Relying on human workers’ willingness to do tedious data capture tasks is also becoming a risky business model. Labor shortages, a millennial and Gen Z workforce, and the rise of the gig economy, are all raising employee expectations.
Customer expectations are rising too, and brand loyalty is on the decline. This makes delivering consistently excellent customer experience more important than ever.
Every hour wasted by inefficient data capture is an hour away from the more valuable job of engaging with customers. Today’s shoppers also want in-store experiences to match the ease of e-commerce. That’s hard to achieve if vital information can’t be accessed instantly on the shop floor.
It’s time to make data capture smarter
It doesn’t have to be this way. Today’s computing capabilities put fixing data capture within our grasp.
A new wave of smart data capture solutions are moving beyond labor-intensive processes such as scanning individual barcodes. They can scan many objects simultaneously, and combine multiple inputs (barcodes, text, IDs, objects). And they make data capture work harder by giving workers and customers back immediate, real-time insights.
Smart data capture shifts and upskills
Smart data capture enables better real-time decision-making, automates workflows at scale, and enhances employee and customer engagement.

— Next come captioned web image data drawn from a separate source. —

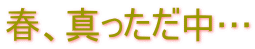 春、真っただ中…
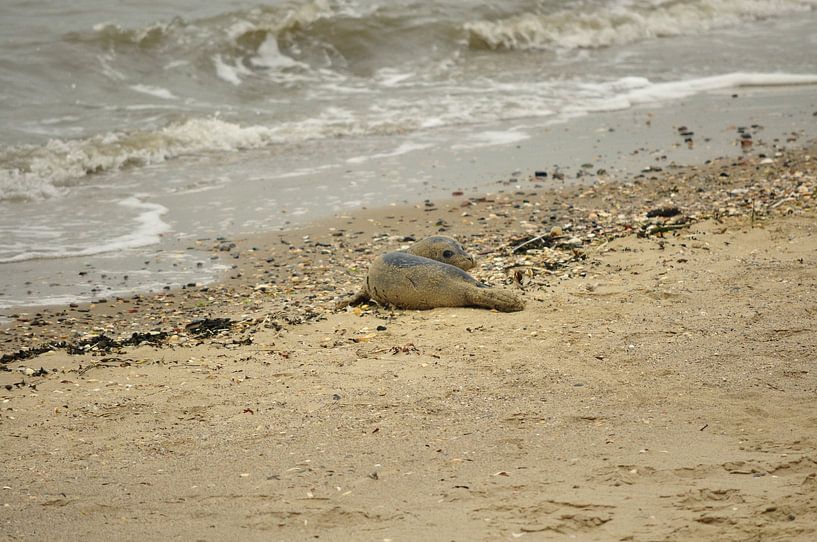 Ein kleiner Seehund am Strand von Philipp Klassen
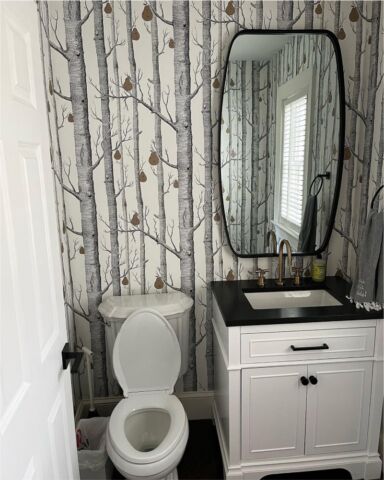 Bathroom remodel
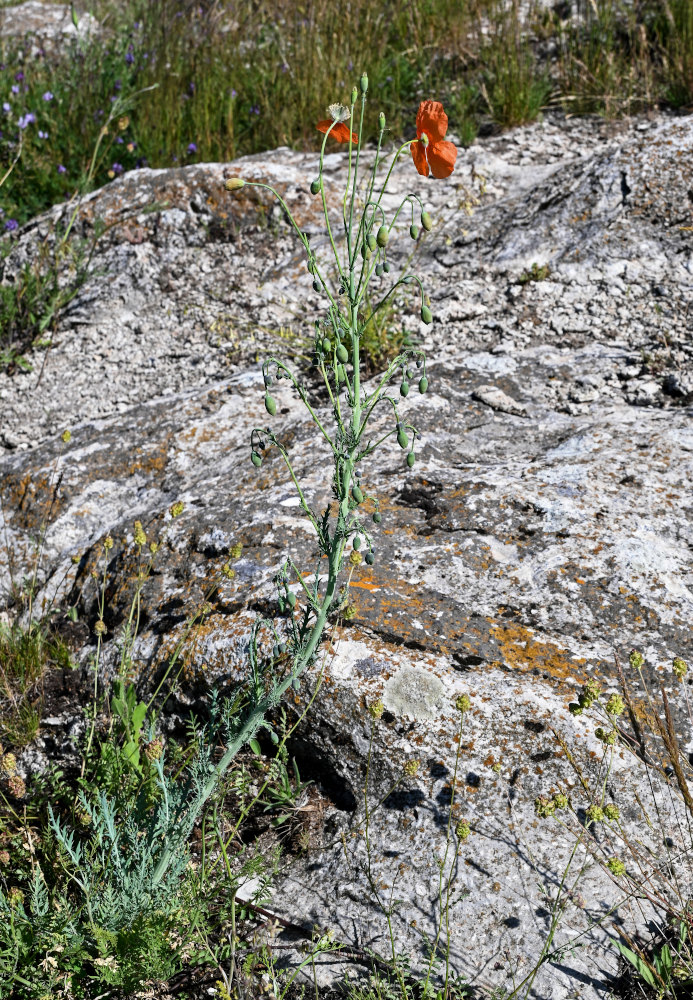 Image of Papaver fugax specimen.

It does this by shifting to technology the repetitive, mundane tasks that humans dislike and aren’t very good at. At the same time, it upskills and empowers us to do what we do best, better.
What is Smart Data Capture?
Smart data capture empowers businesses to capture and access real-time data using any smart device with a camera. It can be deployed into any ecosystem or application.
No artificial intelligence system can beat humans at empathy, creativity or flexibility. No machine can deliver a package to the second story of an apartment complex, provide bedside care, or give customers the personal assistance that differentiates an experience.
But smart data capture can give us more space to use these skills, and the real-time information we need to act at our fullest potential.
4 examples of smart data capture at work
- At your desk: Remember how tedious expenses used to be? Writing or typing out the forms, and stapling receipts to the back? Now, we just take a photo. Automated data capture apps analyze it and generate an expense report in seconds.
- In a warehouse: Receiving goods using smart data capture software can be ten times faster. It also provides insights such as identifying which products are about to go out of date so these can be prioritized for shipping.
- On a shop floor: Using smartphones or tablets, store associates and customers can scan products and get instant access to actionable insights and detailed product data. More intelligent data capture helps us all make quicker, better and more informed decisions in the moment when it matters.
- Delivering parcels: Delivery drivers can use smart devices to scan every parcel in the back of a van at once. They can pick out their next parcel fast, or check real-time delivery instructions. The same device can also scan IDs and automate age verification for age-restricted goods.
Smart data capture solves the pain point of data capture
For decades, it’s seemed just a part of life that we waste billions of hours capturing data inefficiently – and that it won’t be of any use to us at the point of collection. With smart data capture, we can solve this endemic problem.
Let’s take back our time – and make it count.